(Items from a data source)
== Segment start ==

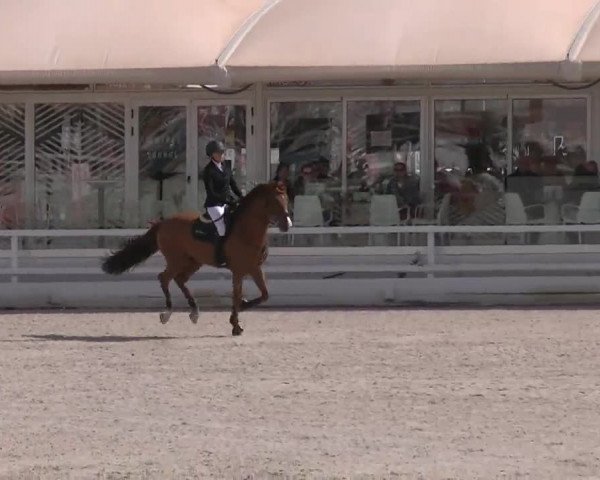 MET II Oliva - Woche 3 (ESP) 2020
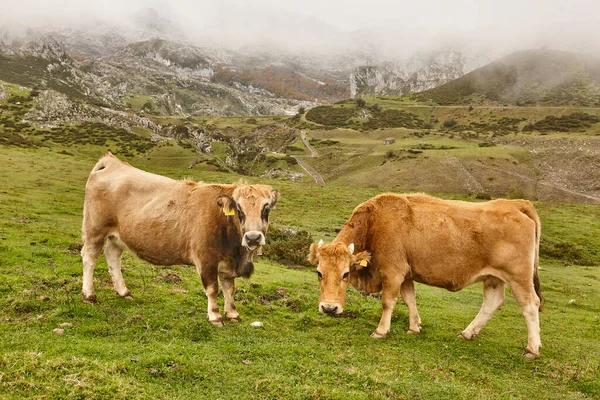 Cows Grazing Countryside Livestock Farming Asturias Spain — Stock Photo, Image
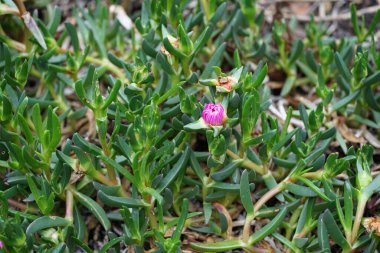 Yoğun tropikal yağmur ormanlarında sabah sisi, Sichuan, Çin. Yüksek kalite fotoğraf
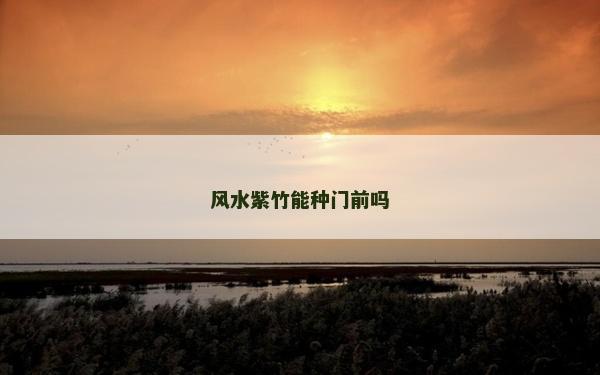 風水紫竹能種門前嗎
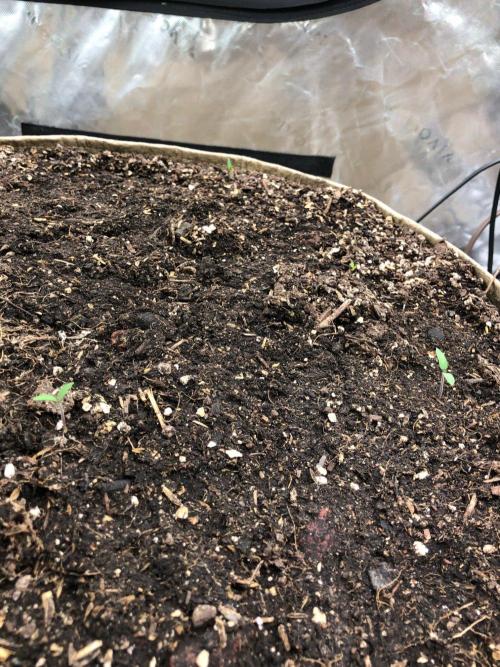 Acapulco Gold (auto) SeedSupreme Indoor. Week 9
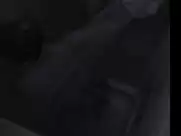 Jamie Bernadette, Erica Overholt - Elder Island (2016)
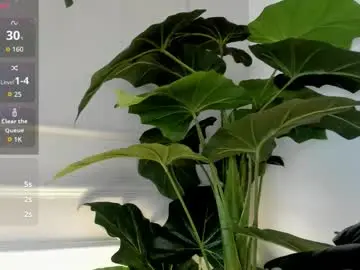 Chaturbate Adult Video Chat of zoebm_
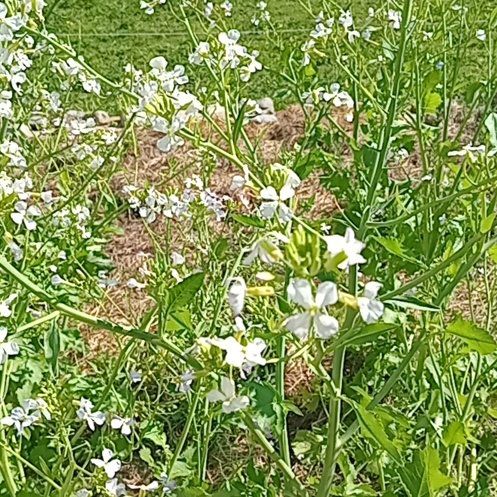 Photo of the plant species Cultivated Radish by @WarmAjwain76 named Keanu Leaves on Greg, the plant care app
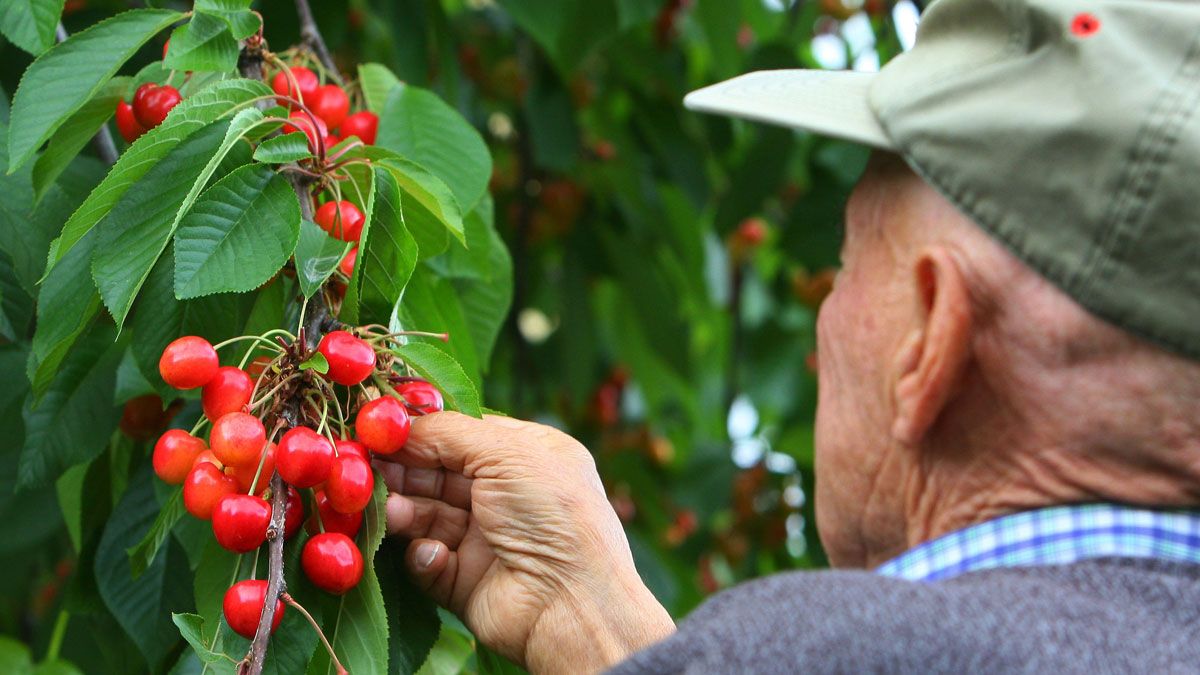 Imagen de producción de cerezas del Bierzo, que contará con mucha menos cantidad de los esperado. | Ical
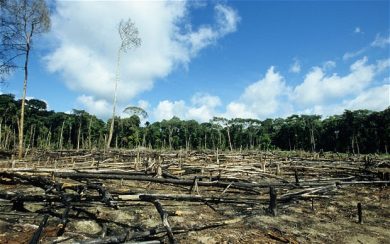 Une forêt sans ses arbres.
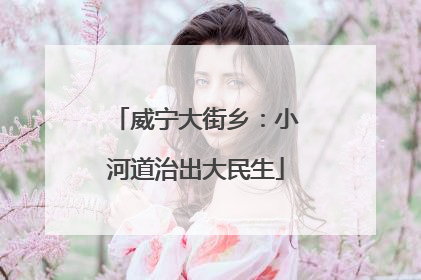 威宁大街乡：小河道治出大民生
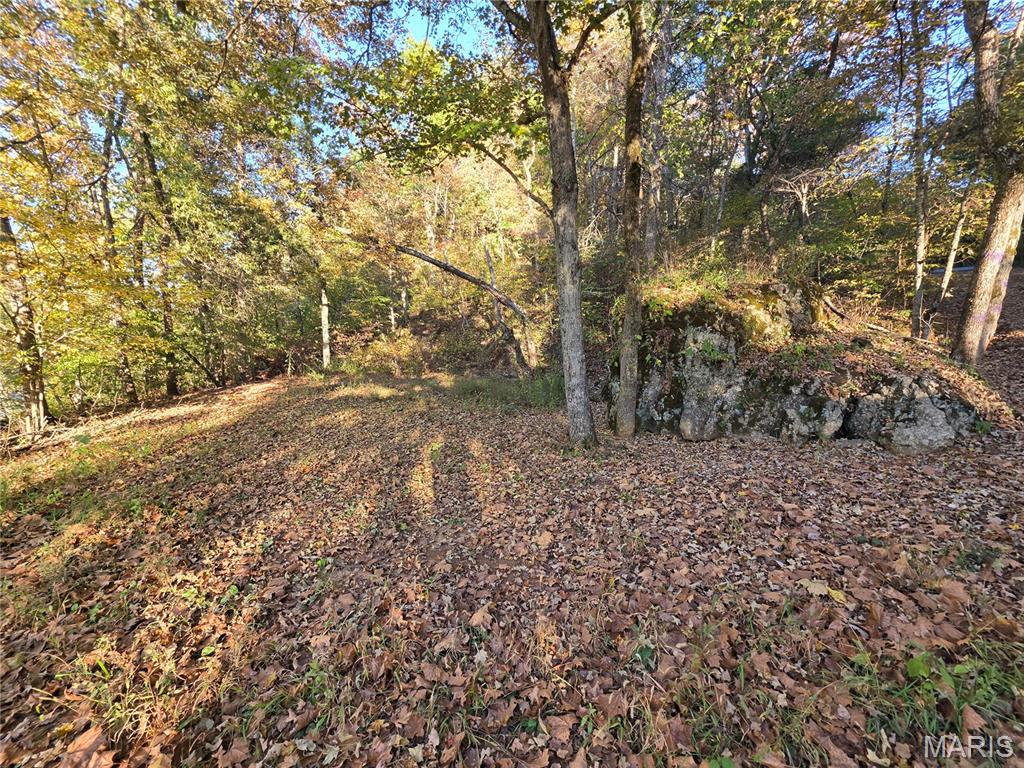 17250 Boyd Property Photo 25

== Segment end ==

**WHAT YOU SHOULD DO**
For this exercise, return every entry verbatim and omit all pictures.

**EXERCISE RESPONSE**
 MET II Oliva - Woche 3 (ESP) 2020
 Cows Grazing Countryside Livestock Farming Asturias Spain — Stock Photo, Image
 Yoğun tropikal yağmur ormanlarında sabah sisi, Sichuan, Çin. Yüksek kalite fotoğraf
 風水紫竹能種門前嗎
 Acapulco Gold (auto) SeedSupreme Indoor. Week 9
 Jamie Bernadette, Erica Overholt - Elder Island (2016)
 Chaturbate Adult Video Chat of zoebm_
 Photo of the plant species Cultivated Radish by @WarmAjwain76 named Keanu Leaves on Greg, the plant care app
 Imagen de producción de cerezas del Bierzo, que contará con mucha menos cantidad de los esperado. | Ical
 Une forêt sans ses arbres.
 威宁大街乡：小河道治出大民生
 17250 Boyd Property Photo 25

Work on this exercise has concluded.